BRIEF: Reproduce word for word every line from the one containing "Camping,Campsite,Gift For Couples,Happy,Gift" to the final line of the data below; omit the pictures.
START DATA BLOCK
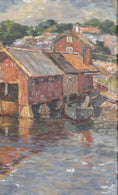 Load image into Gallery viewer, Original Coastal Oil Painting Vintage Mid Century Sweden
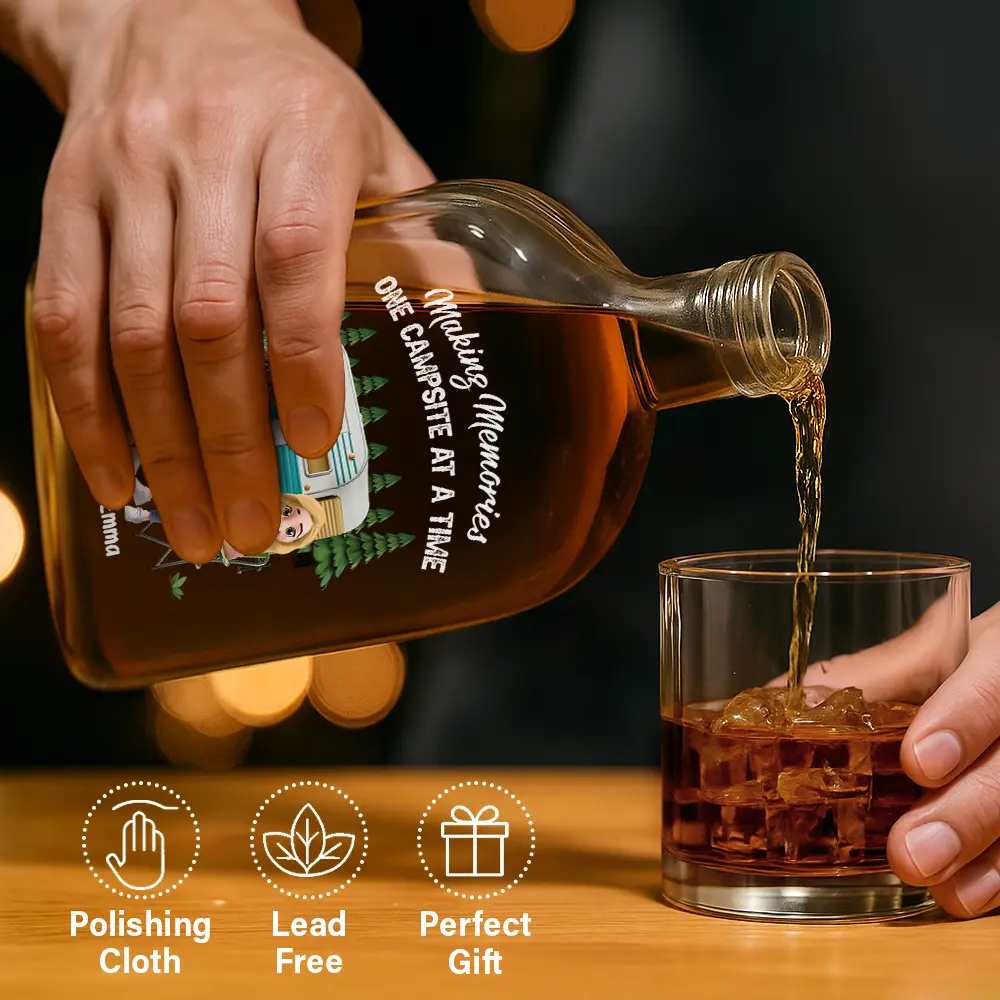 Camping,Campsite,Gift For Couples,Happy,Gift For Husband,Gift For Girlfriend,Gift For Boyfriend,Gift For Wife - Making Memories One Campsite At A Time - Personalized Whiskey Bottle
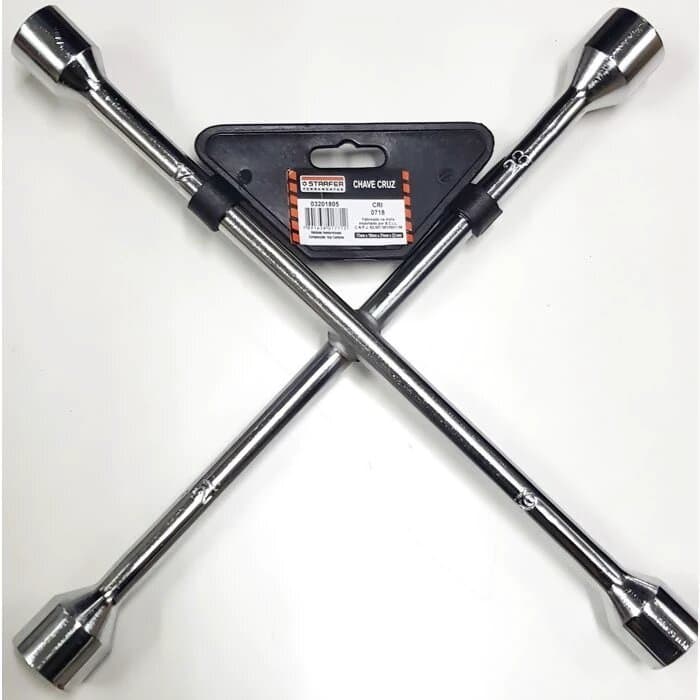 Chave Roda Cruz 4 Bocas Profissional Eficaz Manutenção Starfer 17x19x21x23mm Alta Qualidade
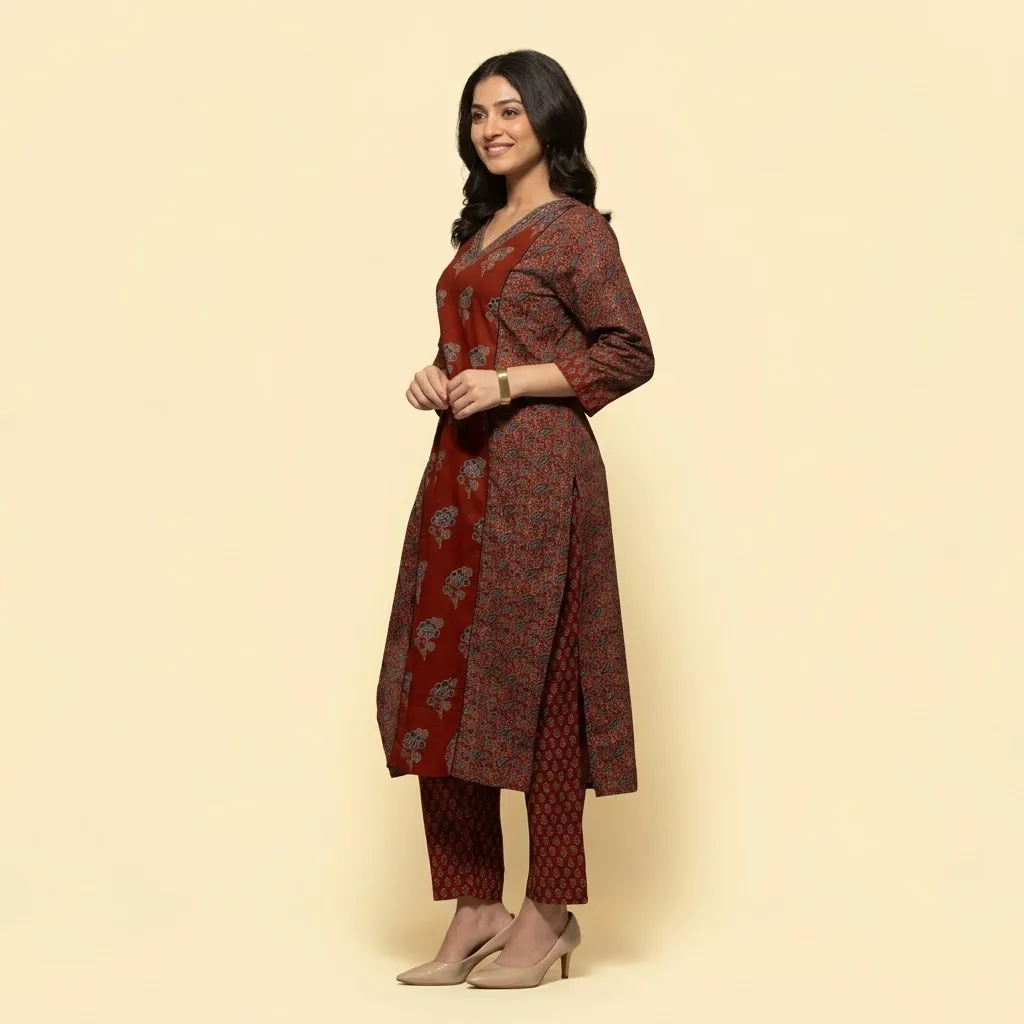 Ladies Kurtas Online – Sabhyata Rust Floral Cotton Kurta Set, XL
END DATA BLOCK
ANSWER SPACE:
 Camping,Campsite,Gift For Couples,Happy,Gift For Husband,Gift For Girlfriend,Gift For Boyfriend,Gift For Wife - Making Memories One Campsite At A Time - Personalized Whiskey Bottle
 Chave Roda Cruz 4 Bocas Profissional Eficaz Manutenção Starfer 17x19x21x23mm Alta Qualidade
 Ladies Kurtas Online – Sabhyata Rust Floral Cotton Kurta Set, XL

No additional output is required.